3 debates about machine learning

Original link	http://yamlb.wordpress.com/2006/04/24/3-debates-about-machine-learning/
Date	2006-04-24
Status	publish

Generally speaking machine learning research aims at designing machine or agents that learns from experience, that performs better days after days. It involves the capacity of memorising information and also the capacity of generalising it in order to predict what decision to take in front of a new situation.In this scope, probabilities are often used by researchers, mainly for 2 different purposes:

1 - Analysing the performances of learning algorithms, (ex: how often it takes good decisions on a bentchmark set)

2 - Or we can use probabilities and probabilty rules as the way the agent represents its knowledge on the world (“probabilty as logic”)

Those two applications are compatible, and both imply that probability is an important notion for machine learning.

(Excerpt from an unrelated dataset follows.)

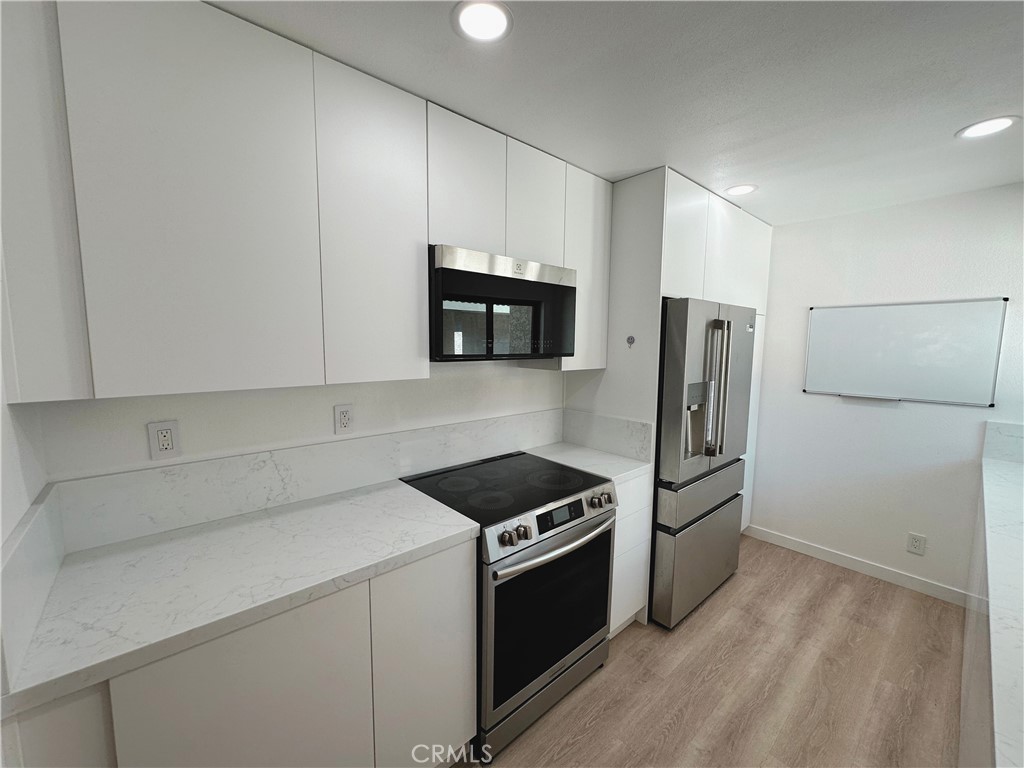 4648 Park Granada 171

But the use of probability raises some debates,a t different levels. Here are 3 of them:

Vapnik or Bayes ? Over simplifing, Vapnik learning theory aims at minimizing the probability of making bad decision in the future. But it doen't recommand a special "technology" for the algorithm itself. The most common incarnation of this theory are SVM, which tries to maximise a margin, ie to maximise a generalisation abiltity, but which rely upon hard bondaries. On the other hand bayesian learning systems are using probabilities as the core of knowledge representation.
Frequencies or degree of belief ? See previous posts. Is it better to interpret probability as an agent degree of belief, or as the limit of frequency in reapeted trials ? The bayesian point of vue, involving an agent, seems to be practical for machine learning.
Subjective or objective bayesianism ? This is a debate among bayesians. For them, choosing a prior is difficult problem. A lot of methods have been proposed and this is the subject of a huge litterature. But a question divides the community: Will two agents with the same information choose the same prior ? Objective bayesians think that it's the case, that there exist a best unik prior for each problem/knowledge. On the contrary, subjectivists are saying that the choice of a prior is a matter of convention, it's upon the agent to choose a prior in the set of priors compatible with its knowledge. This debate espacially arise when the prior has to be "non informative". Almost everybody agree that "knowing nothing", "non informativeness" don't make any sense. Subjectivists assert that one can only provide "reference", "defaults" priors which can help, and that no one can define a "best" prior.

Personally, at present day, I think that those debates are relevant, that those approches are different, even if there are some links. Due to my reading, I’d prefer Bayes over Vapnik, beliefs over frequencies and subjectivity over objectivity.